Laterality anomalies are almost always associated with severe cardiac anomalies. Demographic properties, type of the procedures, associated anomalies, and early and mid-term prognosis of four types of laterality anomalies were analysed.

METHODS

A total of 64 consecutive patients with laterality anomalies were enrolled between July 2014 and July 2020. We grouped the patients as situs solitus dextrocardia (SSD) (n = 12; 18.7%); situs inversus (SI) (n = 16; 25%); right atrial isomerism (RAI) (n = 29; 45.3%); and left atrial isomerism (LAI) (n = 7; 10.9%). TAPVC was only present in the RAI group (31%). Incidence of mitral or tricuspid atresia was higher in the SSD group (25%). All the patients were followed up with a mean of 19.06 ± 17.6 (0.1-72) months.

RESULTS

Early postoperative mortality was 17 patients, among 107 procedures (15.8%). Twelve patients were in the neonatal period. All ten patients survived after isolated ductal stenting. Fourteen of the deaths were in the RAI group (48.3%). The 3-year survival rates were 85% in LAI, 78.7% in SI, 55.8% in SSD, and 38% in RAI groups. According to the multivariable Cox regression model, mechanical ventilation, kidney injury, RAI, and complex surgery in the neonatal period were independent risk factors for early mortality.

CONCLUSION

Laterality anomalies are one of the most challenging patients who commonly had univentricular physiology. The most prevalent anomaly was RAI, and RAI had the worst outcome and survival. Ductal stent is an acceptable first intervention during the neonatal period in suitable patients.
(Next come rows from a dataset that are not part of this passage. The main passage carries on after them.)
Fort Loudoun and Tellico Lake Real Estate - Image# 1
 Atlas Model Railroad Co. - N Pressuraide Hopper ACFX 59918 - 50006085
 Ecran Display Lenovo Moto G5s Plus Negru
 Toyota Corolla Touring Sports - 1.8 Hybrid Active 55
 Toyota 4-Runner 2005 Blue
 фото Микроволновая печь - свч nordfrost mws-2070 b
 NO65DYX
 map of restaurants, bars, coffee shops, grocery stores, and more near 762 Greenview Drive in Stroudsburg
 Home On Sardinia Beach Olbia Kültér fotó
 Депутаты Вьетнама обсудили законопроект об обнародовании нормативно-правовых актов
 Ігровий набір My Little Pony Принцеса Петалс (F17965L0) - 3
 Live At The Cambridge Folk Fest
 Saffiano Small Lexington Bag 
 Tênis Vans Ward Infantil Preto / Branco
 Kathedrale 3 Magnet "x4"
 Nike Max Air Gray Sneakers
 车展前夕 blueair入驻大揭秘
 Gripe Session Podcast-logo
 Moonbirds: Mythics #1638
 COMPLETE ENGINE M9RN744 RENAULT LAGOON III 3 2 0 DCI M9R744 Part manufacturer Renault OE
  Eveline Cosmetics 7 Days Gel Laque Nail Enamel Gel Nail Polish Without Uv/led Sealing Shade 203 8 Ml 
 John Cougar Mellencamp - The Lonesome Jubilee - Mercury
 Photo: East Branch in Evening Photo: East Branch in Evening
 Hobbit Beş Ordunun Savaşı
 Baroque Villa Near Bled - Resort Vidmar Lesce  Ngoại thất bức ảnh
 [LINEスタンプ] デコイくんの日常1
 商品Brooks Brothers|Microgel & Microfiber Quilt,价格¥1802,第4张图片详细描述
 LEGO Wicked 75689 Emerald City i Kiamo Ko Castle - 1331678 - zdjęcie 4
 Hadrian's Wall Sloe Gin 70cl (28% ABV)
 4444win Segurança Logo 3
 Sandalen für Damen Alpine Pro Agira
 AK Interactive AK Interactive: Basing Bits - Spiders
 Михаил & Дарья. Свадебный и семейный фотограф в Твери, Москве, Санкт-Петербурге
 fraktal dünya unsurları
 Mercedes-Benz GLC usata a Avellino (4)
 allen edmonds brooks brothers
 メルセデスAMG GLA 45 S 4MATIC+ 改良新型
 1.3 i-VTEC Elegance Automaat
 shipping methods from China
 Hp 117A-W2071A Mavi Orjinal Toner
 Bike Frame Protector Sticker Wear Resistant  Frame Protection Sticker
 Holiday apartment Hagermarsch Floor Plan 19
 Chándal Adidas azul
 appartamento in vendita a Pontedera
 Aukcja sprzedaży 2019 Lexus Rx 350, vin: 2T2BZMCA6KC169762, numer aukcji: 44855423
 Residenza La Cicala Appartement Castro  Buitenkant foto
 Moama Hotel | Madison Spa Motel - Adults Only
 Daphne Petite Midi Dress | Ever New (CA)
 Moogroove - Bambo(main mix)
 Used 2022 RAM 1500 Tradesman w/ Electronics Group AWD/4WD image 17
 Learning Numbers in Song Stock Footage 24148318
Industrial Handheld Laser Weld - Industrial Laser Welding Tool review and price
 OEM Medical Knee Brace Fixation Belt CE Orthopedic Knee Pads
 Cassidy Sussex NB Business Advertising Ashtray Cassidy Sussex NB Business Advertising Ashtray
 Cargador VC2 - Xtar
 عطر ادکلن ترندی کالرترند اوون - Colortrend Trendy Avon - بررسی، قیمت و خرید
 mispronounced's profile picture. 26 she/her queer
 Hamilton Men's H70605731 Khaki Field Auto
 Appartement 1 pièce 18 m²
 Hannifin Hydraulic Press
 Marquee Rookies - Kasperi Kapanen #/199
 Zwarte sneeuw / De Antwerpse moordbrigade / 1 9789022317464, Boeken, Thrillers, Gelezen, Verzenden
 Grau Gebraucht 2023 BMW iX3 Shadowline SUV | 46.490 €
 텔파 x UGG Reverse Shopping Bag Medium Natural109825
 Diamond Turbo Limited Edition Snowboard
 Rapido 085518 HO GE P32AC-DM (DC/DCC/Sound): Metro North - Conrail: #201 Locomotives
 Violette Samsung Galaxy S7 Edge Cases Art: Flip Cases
Complex procedures may carry a high risk of death in the neonatal period.

摘要

目的

侧位异常几乎总是与严重的心脏异常相关。本研究分析了 4 种侧位异常的人口统计学特征、手术类型、相关异常以及早期和中期预后。

方法

2014 年 7 月至 2020 年 7 月,共纳入 64 例连续的侧位异常患者。我们将患者分为右位心右旋(SSD)(n=12;18.7%)、反位(SI)(n=16;25%)、右房异构(RAI)(n=29;45.3%)和左房异构(LAI)(n=7;10.9%)。只有 RAI 组存在心上型完全性肺静脉异位引流(TAPVC)(31%)。SSD 组二尖瓣或三尖瓣闭锁的发生率较高(25%)。所有患者平均随访 19.06±17.6(0.1-72)个月。

结果

107 例手术中有 17 例(15.8%)发生术后早期死亡。12 例在新生儿期。10 例孤立性导管支架置入术后全部存活。RAI 组 14 例死亡(48.3%)。LAI 组 3 年生存率为 85%,SI 组为 78.7%,SSD 组为 55.8%,RAI 组为 38%。多变量 Cox 回归模型显示,机械通气、肾损伤、RAI 和新生儿期复杂手术是早期死亡的独立危险因素。

结论

侧位异常是最具挑战性的患者之一,常伴有单心室生理学。最常见的异常是 RAI,其预后和生存率最差。对于合适的患者,在新生儿期进行导管支架置入术是一种可接受的初始干预措施。复杂手术可能会增加新生儿期死亡的风险。